An investigation of "Three Cups of Tea" author Greg Mortenson and his charity the Central Asia Institute over its administration was settled Thursday. According to the terms of the agreement, Mortenson will stay with the charity and has three years to pay it $1 million of his own money as compensation for using charitable funds to promote and buy his books.

The investigation was spearheaded by authorities in Montana, where the Central Asia Institute is registered. The settlement will allow Mortenson's charity to continue its work building schools in Afghanistan and Pakistan, albeit with major structural changes -- and Mortenson's repayment plan.

Mortenson has already paid back about half the funds, says Anne Beyersdorfer, the interim executive director. Mortenson stepped down as executive director and has left the board, but will remain an employee of the organization.

Mortenson made bestseller lists with "Three Cups of Tea" and "Stones into Schools," his tales of mountaineering and school building in Afghanistan and Pakistan. He was a popular speaker who spent much of his time -- and, it turned out, charitable funds -- touring the country talking about his books and work.

According to the Montana Attorney General's office, since 2006 the charity spent $4.9 million advertising Mortenson's two books and $4 million buying copies of them to give away to schools and libraries.

The reports about possible improprieties was brought to light by writer Jon Krakauer in April 2011. Krakauer's contentions about goings-on at the Central Asia Institute were broadcast on "60 Minutes" and caused a sensation. They were immediately followed by "Three Cups of Deceit," a 75-page story by Krakauer that launched the Byliner original e-book shorts for the Kindle; it quickly became a bestseller in its own right. Krakauer, the author of "Into Thin Air" and other bestsellers, also questioned the veracity of some of Mortenson's mountaineering stories. He visited remote locations where schools built by the charity stood empty, with no furniture or books.

The Central Asia Institute's board was made up of just three people -- Mortenson and two others.
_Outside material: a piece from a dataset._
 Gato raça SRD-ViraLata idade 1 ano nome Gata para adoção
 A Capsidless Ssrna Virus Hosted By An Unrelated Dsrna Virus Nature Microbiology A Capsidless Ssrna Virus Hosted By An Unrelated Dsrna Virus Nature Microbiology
Boards of charities are meant to provide arms-length supervision of day-to-day activities, which the institute's apparently did not. The two other board members are reportedly to depart within a year and be replaced by a seven-member board.

The arrangement that allows the Central Asia Institute to continue its mission of building schools in remote regions of Afghanistan and Pakistan is probably a wise one. Despite the controversy, readers who responded to Mortenson's story voiced support for the author and his work. With more formal administration, that work may be done more effectively, so donors' funds are put to best use.

Update April 23, 2:15pm: A previous version of this post said that Mortenson's settlement was the result of a lawsuit. There was no lawsuit; the settlement agreement was reached after an investigation.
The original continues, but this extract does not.